In the case of the three largest Teutonic cannons the chemical composition varies. Regarding the largest ordnance, that is, the Grose Bochse, the content of tin is nearly 13% Sn, which may suggest extra toughness. The amount of tin was even higher (nearly 17.5% Sn) in the case of the Bochse nest der grosen. On the other hand, worth noting is the share of lead (0.85% Pb) in the metal of the Grose Bochse. It was added on a single occasion only, when the chase of the ordnance was cast again. As regards the Lange Bochse from 1409, its tin content (more than 5.5% Sn) is more similar to that in the smaller cannons than in the largest ordnances [9 p103; 23 p56, 58-60; 51 p32-33, Tab. 1].
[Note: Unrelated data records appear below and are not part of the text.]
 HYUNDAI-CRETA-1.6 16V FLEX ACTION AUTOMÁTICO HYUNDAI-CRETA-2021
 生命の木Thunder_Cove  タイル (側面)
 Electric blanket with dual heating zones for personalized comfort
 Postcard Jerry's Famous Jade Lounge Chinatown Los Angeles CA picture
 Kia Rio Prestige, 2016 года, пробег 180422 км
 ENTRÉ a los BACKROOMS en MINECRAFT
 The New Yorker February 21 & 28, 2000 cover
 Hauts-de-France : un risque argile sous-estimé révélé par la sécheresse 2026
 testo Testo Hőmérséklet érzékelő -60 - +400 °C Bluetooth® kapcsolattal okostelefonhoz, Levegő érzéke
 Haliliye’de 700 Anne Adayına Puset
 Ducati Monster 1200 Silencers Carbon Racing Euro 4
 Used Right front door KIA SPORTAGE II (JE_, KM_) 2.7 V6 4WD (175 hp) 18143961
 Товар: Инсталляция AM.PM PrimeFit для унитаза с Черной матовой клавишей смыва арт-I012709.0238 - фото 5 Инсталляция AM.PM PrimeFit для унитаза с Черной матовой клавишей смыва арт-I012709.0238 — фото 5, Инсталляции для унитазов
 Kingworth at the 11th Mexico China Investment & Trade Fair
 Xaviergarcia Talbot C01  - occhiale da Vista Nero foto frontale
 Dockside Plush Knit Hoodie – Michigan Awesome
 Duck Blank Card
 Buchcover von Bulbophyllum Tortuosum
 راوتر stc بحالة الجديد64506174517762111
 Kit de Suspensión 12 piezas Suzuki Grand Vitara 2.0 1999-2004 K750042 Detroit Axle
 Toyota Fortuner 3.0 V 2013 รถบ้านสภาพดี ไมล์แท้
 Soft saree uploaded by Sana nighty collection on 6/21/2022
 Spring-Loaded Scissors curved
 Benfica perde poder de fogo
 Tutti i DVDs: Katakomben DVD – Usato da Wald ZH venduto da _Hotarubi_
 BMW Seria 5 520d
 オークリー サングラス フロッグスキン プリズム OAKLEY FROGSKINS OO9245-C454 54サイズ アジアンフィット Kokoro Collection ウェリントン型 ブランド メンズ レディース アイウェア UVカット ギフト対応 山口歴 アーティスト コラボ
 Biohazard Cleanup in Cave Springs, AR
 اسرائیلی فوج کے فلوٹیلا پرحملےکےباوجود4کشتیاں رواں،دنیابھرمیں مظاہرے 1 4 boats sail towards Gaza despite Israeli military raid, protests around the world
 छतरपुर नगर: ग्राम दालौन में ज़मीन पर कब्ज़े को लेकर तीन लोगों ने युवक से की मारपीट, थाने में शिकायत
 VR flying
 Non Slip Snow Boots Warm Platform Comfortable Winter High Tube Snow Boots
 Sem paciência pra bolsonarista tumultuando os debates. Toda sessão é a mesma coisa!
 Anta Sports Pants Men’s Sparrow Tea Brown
Technological examinations of the cannon from Grodno
Four samples were analysed altogether – three of these (Samples 1-3) came from the loose parts of the chase found with the cannon, while Sample 4 was taken from the front edge of the chase part within the gun’s main body. The samples were mounted in Electro-Mix electroconductive resin, ground on SiC papers (500-2000 grits) and polished with diamond pastes (6, 1 and 0.5 μm). Next, they were etched with a Mi17Cu reagent (10g FeCl3, 30ml HCl, 120 ml C2H5OH) for 2 seconds in order to reveal the microstructure. Metallographic observations (for Samples 1 and 4 only) were carried out with an OptaTech MM100 inverted metallographic microscope (magnifications x50-x200; bright field) coupled with a 16 mpx digital camera. Chemical composition analyses of all samples were carried out with a JEOL JSM-6480 scanning microscope operating at 20 kV and equipped with an EDS-type detector. The equipment was energy calibrated using an Al-Cu standard reference sample. The measurement time was 50 s per point and quantitative analyses were done using the non-pattern method. The detection limit was 0.1wt%, and the measurement error was <10% for major elements (above 1.0wt%) and <30% for minor elements (below 1.0wt%). Results are averages of several measurements over the whole surface of each sample (see Table 1). While discussing the results of the technological analyses it must be remembered that the artefact was found in a fire-related archaeological layer. Thus, a prolonged exposure to heat may have influenced the cannon’s microstructure.